DETROIT — Auto sales, while still high by historic standards, are expected to continue drop in the second half of the year, an auto industry economist says.

Some 8.4 million new vehicles were sold in the first half of the year, down 2.3% compared to the same period last year. The full year forecast is for 17.1 million vehicles to be sold, a drop of 2.5% from 2016’s 17.5 million. That would make it the fifth best year ever.

“We are moving into a ‘post peak’ period for the U.S. auto industry,” said Jonathan Smoke, chief economist for Cox Automotive, parent company of Kelley Blue Book, at an event here.

But despite some challenges, the economy remains in good shape. But households were being socked with higher costs last year for housing,  up 19%; taxes, up 10%; auto insurance, up 9%; and debt payments, up 4%.Spending on vehicles was down 5%.

Millennials are becoming an increasingly important part of the market, making up an estimated 40% by 2020. But affordability is a big issue for them, and they are more likely to consider used cars, according to Rebecca Lindland, executive analyst for Kelley Blue Book.

In addition, lots of off-lease vehicles will hit the market as affordable used vehicles. Cox estimated that the number would increase from 3 million in 2016 to 3.6 million this year.

“These off-lease vehicles are rapidly becoming an affordable, appealing alternative to new. More are on the way. By 2020, 4.6 million off-lease vehicles will return to the market,” according to a release.

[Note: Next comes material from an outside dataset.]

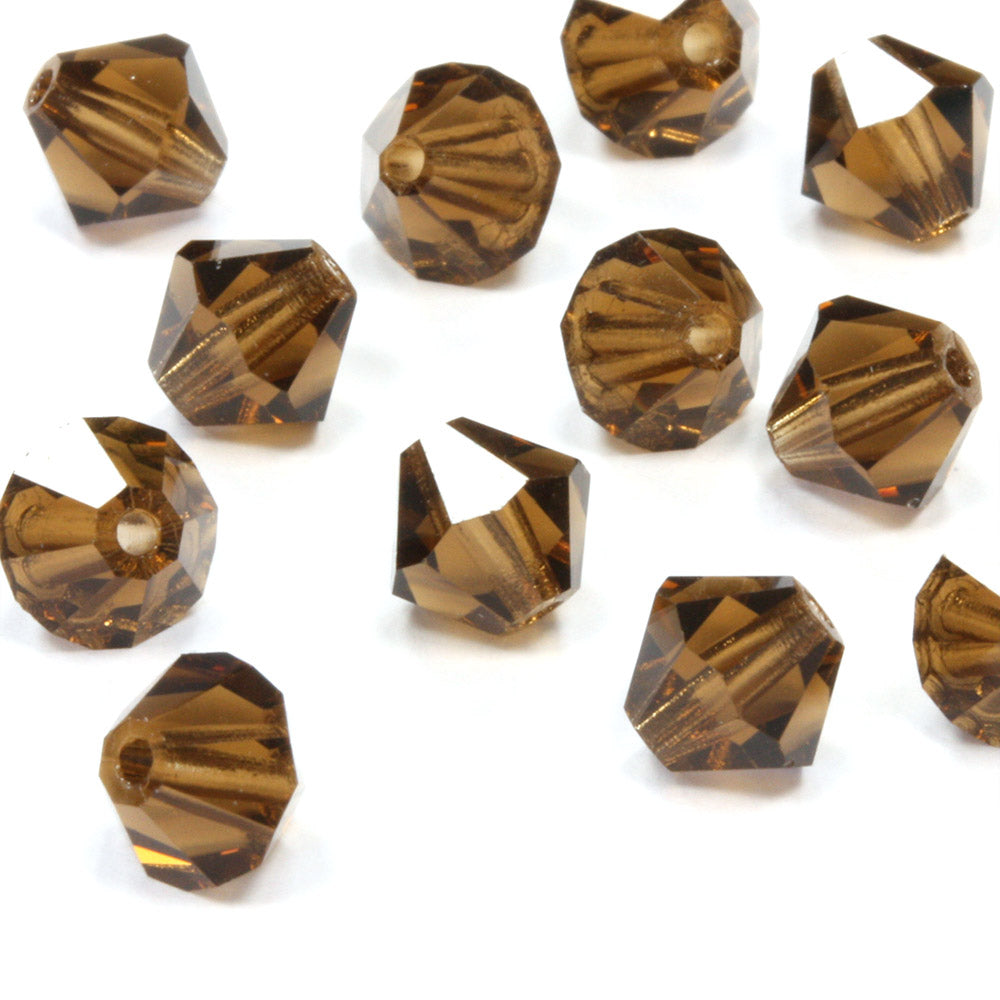 Preciosa Smoked Topaz Bicone 3mm - Pack of 20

“The market is chasing Subaru,” said Lindland.

The Japanese automaker is outselling Chrysler, Fiat, Mini, Smart and Volkswagen combined, according to Cox.

Year to date, Subaru is up 0.34% for a 3.64% market share. Cox predicts that Subaru could pass Hyundai in market share (4.08%) by the end of the year.

But Subaru isn’t the only company or brand with a good story to tell.

With a new Rogue Sport SUV and aggressive incentives and fleet sales, Nissan is up 0.24% year to date and Ram is up 0.29%. Lindland also said VW is a company to watch.

Ford, Chrysler and Jeep continue to struggle

Ford needs a boost in the form of new product, according to Lindland.

With a sales drop year to date of 0.33%, the Dearborn automaker is in dire need of its EcoSport, subcompact SUV.

“Unfortunately that product is still six to eight months from launch. Until then, Ford has only the Escape to fight for sales in the hottest part of the market,” Lindland said in the release.

And two Fiat Chrysler brands are facing difficulties.

Chrysler is in danger of dropping below 1% of U.S. market share, according to Cox. The company only has its Pacifica minivan and 300 sedan.

And Jeep is in the midst of a changeover, phasing out the Patriot and old Compass. The new Compass is an important vehicle for company, but it must replace both vehicles and has been shipping to dealers for only a few months.

“In the first five months of 2017, no brand lost more market share than Jeep. With heavy incentives unable to move aging product, Jeep lost more than half-a-percent of share through May of this year,” according to Cox.